BACKWARD PASS REQUIREMENTS:
-
RECOMPUTATION: Given dO (upstream gradient, same shape as O), Q, K, V, O, and L, compute: dQ: (B, H, N, D) — gradient w.r.t. queries dK: (B, H, N, D) — gradient w.r.t. keys dV: (B, H, N, D) — gradient w.r.t. values
The backward pass must NOT materialize the full (N, N) attention matrix either. It recomputes softmax probabilities P on-the-fly from the stored L and locally recomputed S = Q_tile @ K_tile^T * scale.
-
GRADIENT FORMULAS (for a single tile interaction): Let scale = 1/sqrt(D). For each (Q_tile, KV_tile) pair:
a) Recompute local attention scores: S = Q_tile @ K_tile^T * scale Shape: S is (T_q, T_kv) where T_q and T_kv are tile lengths. b) Recompute local softmax: P = exp(S - L_query[:, None]) L_query are the logsumexp values for the query rows in this tile, broadcast against the key dimension. Shape: P is (T_q, T_kv). c) Compute local dV contribution and ACCUMULATE: dV_tile += P^T @ dO_tile d) Compute local dP: dP = dO_tile @ V_tile^T Shape: (T_q, T_kv) e) Compute local dS via the softmax gradient: rowsum_PdP = (P * dP).sum(axis=-1, keepdims=True) # shape (T_q, 1) dS = P * (dP - rowsum_PdP) This is the dsoftmax formula. The rowsum is over the KEY axis (last axis). The subtraction broadcasts rowsum_PdP from (T_q, 1) to (T_q, T_kv). The elementwise multiply by P is the FINAL step. f) Compute local dQ contribution and ACCUMULATE: dQ_tile += dS @ K_tile g) Compute local dK contribution and ACCUMULATE: dK_tile += dS^T @ Q_tile
IMPORTANT: dQ, dK, dV contributions must be ACCUMULATED (added) across all KV tiles within a Q tile, not overwritten.
-
TILING: The backward pass uses the same tiling pattern as forward:
- Outer loop over Q tiles (query blocks)
- Inner loop over KV tiles (key/value blocks)
- For causal attention, skip (Q_tile, KV_tile) pairs that are entirely above the diagonal (all key positions > all query positions)
- Within each Q tile, initialize dQ_tile, dK_tile, dV_tile accumulators and accumulate contributions from each KV tile
-
BATCHING: Handle (B, H, N, D) tensors. You may loop over (b, h) or use batched operations — either is acceptable.
-
CAUSAL MASKING IN BACKWARD: When causal=True, the backward pass must apply the same masking pattern as the forward pass. For each (Q_tile, KV_tile) pair:
- If the entire block is above the diagonal, SKIP it (no contribution to any gradient)
- If partially masked, apply the causal mask to S before computing P: S = S + causal_mask (masked positions = -inf) Then exp(S - L) gives 0 for masked positions, which correctly zeros out their contribution to dV, dS, dQ, and dK.
-
NUMERICAL STABILITY:
- L already incorporates the row max from forward, so exp(S - L[:, None]) has arguments ≤ 0, which is stable (no overflow).
- The dsoftmax formula computes (dP - rowsum(P*dP)).
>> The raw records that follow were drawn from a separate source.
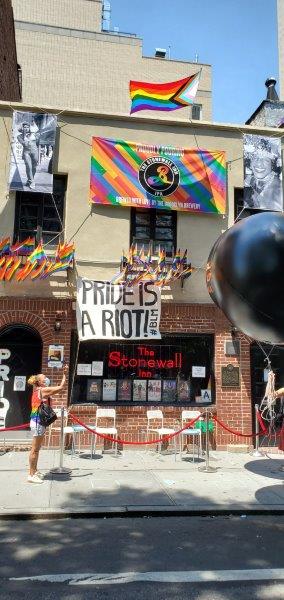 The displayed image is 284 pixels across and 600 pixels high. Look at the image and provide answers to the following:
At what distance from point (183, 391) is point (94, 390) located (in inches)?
80.3

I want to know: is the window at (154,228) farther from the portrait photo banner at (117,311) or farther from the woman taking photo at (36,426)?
the woman taking photo at (36,426)

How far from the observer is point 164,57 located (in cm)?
2956

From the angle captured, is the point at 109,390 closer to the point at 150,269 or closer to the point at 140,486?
the point at 150,269

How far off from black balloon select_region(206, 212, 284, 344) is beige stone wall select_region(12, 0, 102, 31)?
2695cm

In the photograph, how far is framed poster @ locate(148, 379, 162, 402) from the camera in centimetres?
1098

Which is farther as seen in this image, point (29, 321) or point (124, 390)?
point (124, 390)

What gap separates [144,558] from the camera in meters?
4.97

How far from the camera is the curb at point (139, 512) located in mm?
6277

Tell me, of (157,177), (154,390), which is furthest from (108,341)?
(157,177)

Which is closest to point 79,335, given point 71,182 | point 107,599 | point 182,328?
point 182,328

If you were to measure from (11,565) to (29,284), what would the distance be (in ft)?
21.9

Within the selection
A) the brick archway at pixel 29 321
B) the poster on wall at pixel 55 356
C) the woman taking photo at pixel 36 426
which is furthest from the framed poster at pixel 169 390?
the woman taking photo at pixel 36 426

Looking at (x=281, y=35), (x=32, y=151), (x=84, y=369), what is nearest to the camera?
(x=84, y=369)

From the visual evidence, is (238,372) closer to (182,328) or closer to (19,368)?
(182,328) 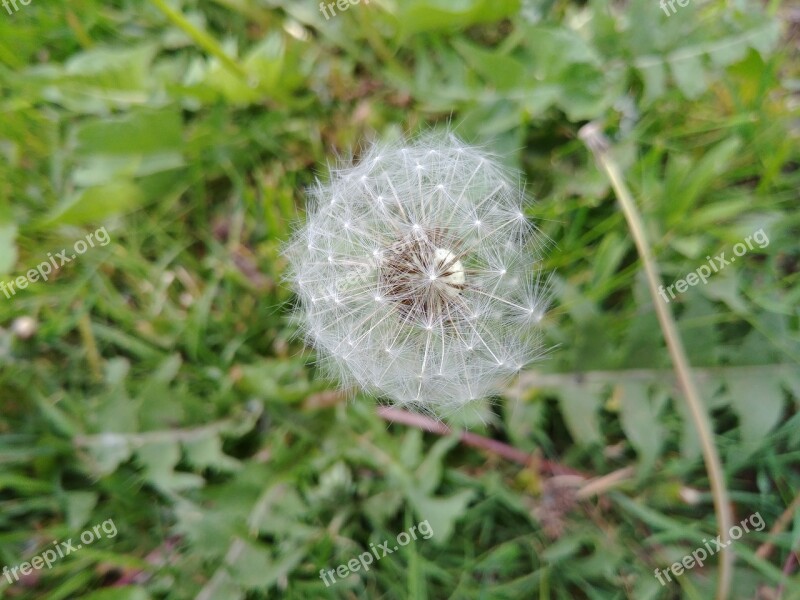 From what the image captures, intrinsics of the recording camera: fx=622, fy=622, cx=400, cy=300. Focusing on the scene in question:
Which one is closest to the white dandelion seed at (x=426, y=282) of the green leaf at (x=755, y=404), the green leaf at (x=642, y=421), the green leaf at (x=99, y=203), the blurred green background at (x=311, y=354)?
the blurred green background at (x=311, y=354)

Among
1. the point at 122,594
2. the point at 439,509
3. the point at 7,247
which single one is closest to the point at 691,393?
the point at 439,509

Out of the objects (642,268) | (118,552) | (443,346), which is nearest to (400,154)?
(443,346)

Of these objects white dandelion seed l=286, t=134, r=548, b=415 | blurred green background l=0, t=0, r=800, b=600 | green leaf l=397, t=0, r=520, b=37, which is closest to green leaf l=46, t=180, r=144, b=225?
blurred green background l=0, t=0, r=800, b=600

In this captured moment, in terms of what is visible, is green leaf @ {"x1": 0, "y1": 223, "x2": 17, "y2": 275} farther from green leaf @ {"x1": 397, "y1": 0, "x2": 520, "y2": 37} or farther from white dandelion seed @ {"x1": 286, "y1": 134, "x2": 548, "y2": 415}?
green leaf @ {"x1": 397, "y1": 0, "x2": 520, "y2": 37}

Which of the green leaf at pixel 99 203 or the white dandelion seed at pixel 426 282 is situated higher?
the green leaf at pixel 99 203

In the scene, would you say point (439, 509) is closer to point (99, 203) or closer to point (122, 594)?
point (122, 594)

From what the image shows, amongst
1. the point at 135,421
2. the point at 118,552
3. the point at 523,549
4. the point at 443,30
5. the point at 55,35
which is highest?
the point at 55,35

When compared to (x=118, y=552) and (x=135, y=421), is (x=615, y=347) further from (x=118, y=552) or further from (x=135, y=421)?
(x=118, y=552)

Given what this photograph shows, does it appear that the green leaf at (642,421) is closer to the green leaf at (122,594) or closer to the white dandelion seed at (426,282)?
the white dandelion seed at (426,282) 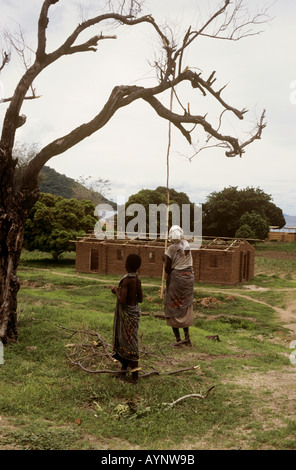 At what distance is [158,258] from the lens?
25.8 meters

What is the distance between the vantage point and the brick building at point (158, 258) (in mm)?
24703

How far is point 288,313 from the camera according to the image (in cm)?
1772

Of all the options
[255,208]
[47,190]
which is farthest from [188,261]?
[47,190]

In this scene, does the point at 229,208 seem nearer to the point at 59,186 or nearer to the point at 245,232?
the point at 245,232

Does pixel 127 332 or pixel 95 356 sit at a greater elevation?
pixel 127 332

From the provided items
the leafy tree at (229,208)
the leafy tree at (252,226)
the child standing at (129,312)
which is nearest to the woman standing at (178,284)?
the child standing at (129,312)

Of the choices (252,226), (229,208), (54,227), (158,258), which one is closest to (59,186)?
(229,208)

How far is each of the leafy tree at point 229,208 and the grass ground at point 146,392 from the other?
3608cm

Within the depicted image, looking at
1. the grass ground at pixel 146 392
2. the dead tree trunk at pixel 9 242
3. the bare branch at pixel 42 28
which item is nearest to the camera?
the grass ground at pixel 146 392

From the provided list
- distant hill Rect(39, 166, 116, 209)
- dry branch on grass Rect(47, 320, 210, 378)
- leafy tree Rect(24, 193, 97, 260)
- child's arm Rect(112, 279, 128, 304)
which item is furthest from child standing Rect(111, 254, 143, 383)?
distant hill Rect(39, 166, 116, 209)

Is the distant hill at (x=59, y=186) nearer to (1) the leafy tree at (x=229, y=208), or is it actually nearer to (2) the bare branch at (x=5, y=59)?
(1) the leafy tree at (x=229, y=208)

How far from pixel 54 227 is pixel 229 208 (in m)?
23.4

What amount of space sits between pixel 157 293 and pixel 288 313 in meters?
5.60

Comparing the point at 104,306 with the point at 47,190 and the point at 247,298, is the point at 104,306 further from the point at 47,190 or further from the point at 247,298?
the point at 47,190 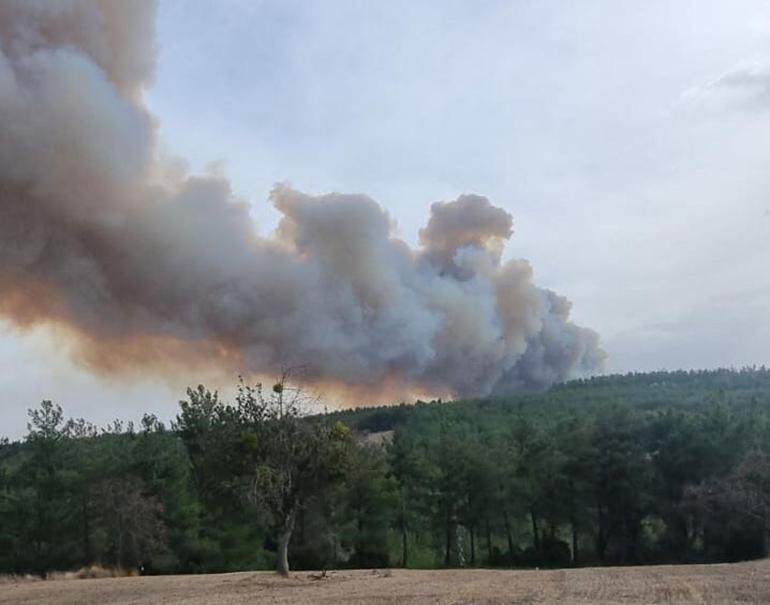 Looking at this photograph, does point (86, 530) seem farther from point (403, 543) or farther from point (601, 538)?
point (601, 538)

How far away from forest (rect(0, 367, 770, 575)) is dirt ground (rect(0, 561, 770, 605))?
3.43 meters

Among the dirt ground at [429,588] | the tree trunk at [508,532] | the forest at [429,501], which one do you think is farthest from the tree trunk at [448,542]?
the dirt ground at [429,588]

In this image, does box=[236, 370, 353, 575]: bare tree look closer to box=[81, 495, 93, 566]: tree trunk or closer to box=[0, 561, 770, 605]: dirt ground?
box=[0, 561, 770, 605]: dirt ground

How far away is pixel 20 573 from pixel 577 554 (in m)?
27.8

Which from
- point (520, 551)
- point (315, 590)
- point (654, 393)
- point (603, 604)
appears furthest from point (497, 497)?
point (654, 393)

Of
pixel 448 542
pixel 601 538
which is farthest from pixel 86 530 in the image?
pixel 601 538

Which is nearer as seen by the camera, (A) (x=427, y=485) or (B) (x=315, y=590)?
(B) (x=315, y=590)

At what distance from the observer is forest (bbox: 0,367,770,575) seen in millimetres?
43000

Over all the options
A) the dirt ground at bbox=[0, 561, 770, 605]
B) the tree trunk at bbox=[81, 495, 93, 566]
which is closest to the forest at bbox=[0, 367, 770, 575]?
the tree trunk at bbox=[81, 495, 93, 566]

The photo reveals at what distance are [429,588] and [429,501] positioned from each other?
28775 millimetres

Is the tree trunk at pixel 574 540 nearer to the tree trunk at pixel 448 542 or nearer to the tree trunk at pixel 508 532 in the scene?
the tree trunk at pixel 508 532

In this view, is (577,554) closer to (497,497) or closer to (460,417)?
(497,497)

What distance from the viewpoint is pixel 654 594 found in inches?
875

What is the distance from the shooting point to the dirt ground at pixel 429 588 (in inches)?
861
Both dP and rowsum can be large, but the subtraction is benign because the result is multiplied by P (which sums to 1 per row), keeping dS bounded.
- Use float64 for intermediate reductions if possible.
Deliver:
- Function flash_attention_fwd(Q, K, V, tile_size, causal=True) → returns (O, cache) where cache = {'O': O, 'L': L, 'Q': Q, 'K': K, 'V': V} and L has shape (B, H, N)
- Function flash_attention_bwd(dO, cache, tile_size, causal=True) → returns (dQ, dK, dV) each of shape (B, H, N, D)
- Test 1 (gradient check): (B=1, H=1, N=64, D=32, T=16, causal=True) → Compare dV against central finite differences across ALL elements → Spot-check dQ and dK at 10 random positions → Assert relative error < 1e-5 for all
- Test 2 (vs naive backward): (B=2, H=4, N=256, D=64, T=64, causal=True) → Compare dQ, dK, dV against naive full-materialized backward → Assert max relative error < 1e-4
- Test 3 (memory): (B=1, H=1, N=4096, D=64, T=128, causal=True) → Use tracemalloc to verify peak memory is less than 20% of the memory required for a single (N, N) matrix
Use only NumPy. No PyTorch, JAX, TensorFlow, or autograd.